Sunday, April 20, 2008

It may not be perfect...

Our educational system has often generated mediocrity except for gifted athletes. From kindergarten, children are bombarded with pressures that urge them to modify their behavior and intellectual development toward the average of the group. Gifted children throughout our society may be trapped in an intellectual wasteland - a world that can be cruel to the gifted (Garfield, 1980).

-Webb, Meckstroth, and Tolan. "Guiding the Gifted Child: A Practical Source for Parents and Teachers."

I get very tired reading screeds against homeschooling because almost always, the person who is opposed to homeschooling ignores two very important things about public schools: (1) all except the most progressive public schools cannot or will not meet the educational needs of advanced children, and (2) the "socialization" that is present in public schools can be very harmful to the emotional well-being of gifted children.

If you bring up these points, the response to (1) is that gifted children will get along fine.
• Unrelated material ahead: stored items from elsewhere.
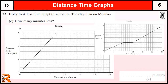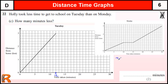Let's have a look at part C. Holly took less time to get to school on Tuesday than on Monday — how many minutes less? On Tuesday, she arrives at 12 minutes, and on Monday she took 30 minutes. So 30 take away 12 gives us 18 minutes. She didn't stop and was much quicker. That's worth two marks: one method mark for the calculation and one for the answer.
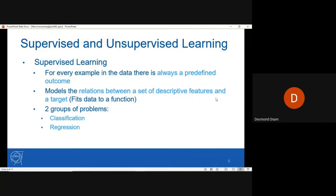In supervised learning, there is a predefined outcome that we are looking for. The data always has some predefined output or set of outputs. The model models the relations between a set of descriptive features and the targets in the data set, fitting the data to a given function. There are two groups of problems in supervised learning: classification and regression.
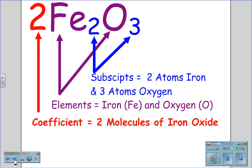For 2Fe₂O₃, the coefficient 2 tells us there are two molecules of iron oxide. The Fe and the O tell us iron and oxygen make up this molecule, and the subscripts 2 and 3 tell us that there are two atoms of iron and three atoms of oxygen.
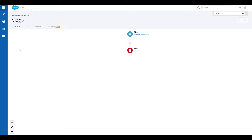Welcome to the second edition of our Engagement Studio vlog series. If you're new to the series, my name is Guido and I'm an account strategist at Smartacre, a lead and demand generation agency. In today's episode, I'll be going over actions, triggers, and rules while building a simple Engagement Studio program.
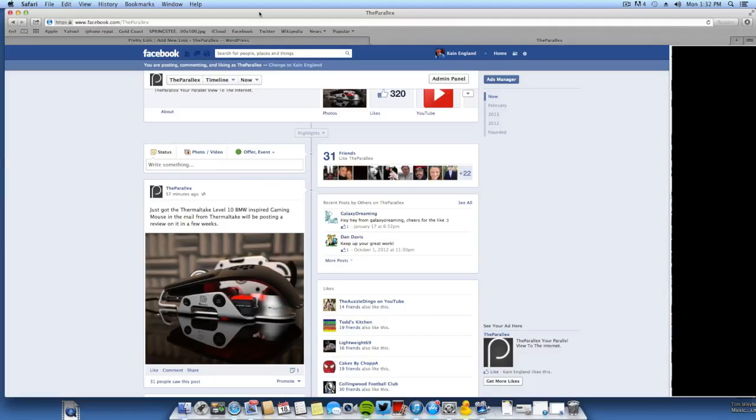Hey guys, what is up? My name is Cain and today I'm going to be showing you how you can link your Facebook, Twitter, Google+, and more on YouTube annotations. So stay tuned.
They ignore the fact that gifted children will very often spend 50% of their time in school waiting for the other kids to catch up. They learn not to be challenged. The notion that children should always be with their same-age peers overrides the notion that these children have advanced intellectual needs and can feel like they're starving while waiting for something challenging.
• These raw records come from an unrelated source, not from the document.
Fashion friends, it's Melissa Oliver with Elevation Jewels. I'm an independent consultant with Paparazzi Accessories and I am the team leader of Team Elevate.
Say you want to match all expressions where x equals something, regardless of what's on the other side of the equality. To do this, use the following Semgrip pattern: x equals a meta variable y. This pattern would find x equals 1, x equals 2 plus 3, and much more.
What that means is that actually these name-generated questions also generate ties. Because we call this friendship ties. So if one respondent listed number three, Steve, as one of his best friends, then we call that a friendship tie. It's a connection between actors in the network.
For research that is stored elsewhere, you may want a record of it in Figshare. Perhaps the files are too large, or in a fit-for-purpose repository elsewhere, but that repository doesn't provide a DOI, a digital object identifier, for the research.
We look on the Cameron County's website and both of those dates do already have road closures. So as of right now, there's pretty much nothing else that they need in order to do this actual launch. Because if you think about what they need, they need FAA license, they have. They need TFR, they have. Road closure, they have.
The response to (2) is usually something that it is the gifted child who is "screwed up" and needs to learn to get along with other kids. It is completely ignored that school is the only place in the world where someone is forced to sit in a classroom with people of their same age but who may otherwise have nothing in common. It is also ignored that such a system is very intolerant of differences.

The emotional repercussions of such a system are horrible. Gifted children, at the very least, never learn how to put forth effort. When they finally do encounter a challenge (usually in college), they may have to deal with a lot of frustration. Some of this frustration can actually cause them to quit college. Never having been challenged can make them feel like they are stupid and can't cut it.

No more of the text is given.